- Work required -
Where does the string "Kids" appear? Copy every line of the entries below that holds it.
════
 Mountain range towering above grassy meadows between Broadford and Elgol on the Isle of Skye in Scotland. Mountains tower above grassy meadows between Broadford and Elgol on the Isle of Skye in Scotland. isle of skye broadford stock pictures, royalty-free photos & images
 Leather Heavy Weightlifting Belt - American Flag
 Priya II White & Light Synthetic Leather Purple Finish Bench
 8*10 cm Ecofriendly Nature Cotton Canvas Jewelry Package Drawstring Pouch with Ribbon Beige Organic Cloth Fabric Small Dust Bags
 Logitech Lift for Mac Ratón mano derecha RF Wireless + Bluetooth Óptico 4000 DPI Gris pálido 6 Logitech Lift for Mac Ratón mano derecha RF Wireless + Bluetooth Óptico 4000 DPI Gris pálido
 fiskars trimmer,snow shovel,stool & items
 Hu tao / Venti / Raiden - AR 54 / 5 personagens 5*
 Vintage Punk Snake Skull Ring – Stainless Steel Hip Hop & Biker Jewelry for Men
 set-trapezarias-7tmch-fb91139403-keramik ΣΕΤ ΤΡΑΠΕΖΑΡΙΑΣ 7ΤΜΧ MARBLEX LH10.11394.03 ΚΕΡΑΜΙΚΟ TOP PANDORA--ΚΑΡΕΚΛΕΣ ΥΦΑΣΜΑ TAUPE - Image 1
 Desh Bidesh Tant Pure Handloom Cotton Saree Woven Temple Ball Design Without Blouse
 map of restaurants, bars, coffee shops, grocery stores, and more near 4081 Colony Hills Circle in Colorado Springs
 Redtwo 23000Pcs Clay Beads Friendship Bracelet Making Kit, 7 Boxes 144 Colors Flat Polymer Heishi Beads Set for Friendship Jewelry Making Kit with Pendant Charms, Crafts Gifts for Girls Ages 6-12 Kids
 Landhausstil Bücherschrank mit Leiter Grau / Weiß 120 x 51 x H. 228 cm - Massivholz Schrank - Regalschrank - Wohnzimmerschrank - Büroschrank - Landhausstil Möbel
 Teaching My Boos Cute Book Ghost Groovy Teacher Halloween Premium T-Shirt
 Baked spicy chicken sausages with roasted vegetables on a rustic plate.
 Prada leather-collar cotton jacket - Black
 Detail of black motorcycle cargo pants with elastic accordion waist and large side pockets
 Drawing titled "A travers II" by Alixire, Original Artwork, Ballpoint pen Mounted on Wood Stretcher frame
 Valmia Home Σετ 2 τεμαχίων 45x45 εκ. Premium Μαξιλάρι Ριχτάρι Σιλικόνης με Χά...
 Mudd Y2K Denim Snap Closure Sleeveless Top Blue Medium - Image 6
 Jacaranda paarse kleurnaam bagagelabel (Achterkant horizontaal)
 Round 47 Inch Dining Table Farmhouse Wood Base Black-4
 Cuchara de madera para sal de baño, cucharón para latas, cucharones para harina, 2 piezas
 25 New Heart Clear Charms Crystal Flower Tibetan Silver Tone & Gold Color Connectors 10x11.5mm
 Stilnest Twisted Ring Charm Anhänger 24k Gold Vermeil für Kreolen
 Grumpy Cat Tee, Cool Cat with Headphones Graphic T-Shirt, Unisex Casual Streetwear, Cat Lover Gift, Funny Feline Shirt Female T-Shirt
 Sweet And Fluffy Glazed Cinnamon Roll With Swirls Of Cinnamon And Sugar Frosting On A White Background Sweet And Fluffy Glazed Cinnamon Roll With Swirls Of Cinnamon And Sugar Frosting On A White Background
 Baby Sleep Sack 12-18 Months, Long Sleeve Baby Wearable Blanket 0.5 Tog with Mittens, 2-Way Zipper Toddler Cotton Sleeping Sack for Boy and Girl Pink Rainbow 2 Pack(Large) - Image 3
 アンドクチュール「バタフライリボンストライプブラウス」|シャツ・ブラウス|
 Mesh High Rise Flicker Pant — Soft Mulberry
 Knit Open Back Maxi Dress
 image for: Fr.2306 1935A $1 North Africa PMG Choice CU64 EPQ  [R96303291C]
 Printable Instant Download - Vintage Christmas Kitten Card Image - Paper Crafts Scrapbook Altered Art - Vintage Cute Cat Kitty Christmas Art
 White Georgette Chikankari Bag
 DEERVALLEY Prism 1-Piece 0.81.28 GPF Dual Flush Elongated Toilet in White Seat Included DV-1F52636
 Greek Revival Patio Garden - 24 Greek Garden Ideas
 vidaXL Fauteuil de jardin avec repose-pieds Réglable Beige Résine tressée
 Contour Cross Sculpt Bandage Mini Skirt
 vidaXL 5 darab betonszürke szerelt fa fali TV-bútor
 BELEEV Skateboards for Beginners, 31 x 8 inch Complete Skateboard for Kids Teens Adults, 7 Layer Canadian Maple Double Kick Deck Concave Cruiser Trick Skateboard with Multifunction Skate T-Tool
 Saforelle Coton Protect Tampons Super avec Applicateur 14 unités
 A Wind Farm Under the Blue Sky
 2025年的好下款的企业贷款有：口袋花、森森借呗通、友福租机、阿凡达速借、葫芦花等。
════
- Response to the task -
 Redtwo 23000Pcs Clay Beads Friendship Bracelet Making Kit, 7 Boxes 144 Colors Flat Polymer Heishi Beads Set for Friendship Jewelry Making Kit with Pendant Charms, Crafts Gifts for Girls Ages 6-12 Kids
 BELEEV Skateboards for Beginners, 31 x 8 inch Complete Skateboard for Kids Teens Adults, 7 Layer Canadian Maple Double Kick Deck Concave Cruiser Trick Skateboard with Multifunction Skate T-Tool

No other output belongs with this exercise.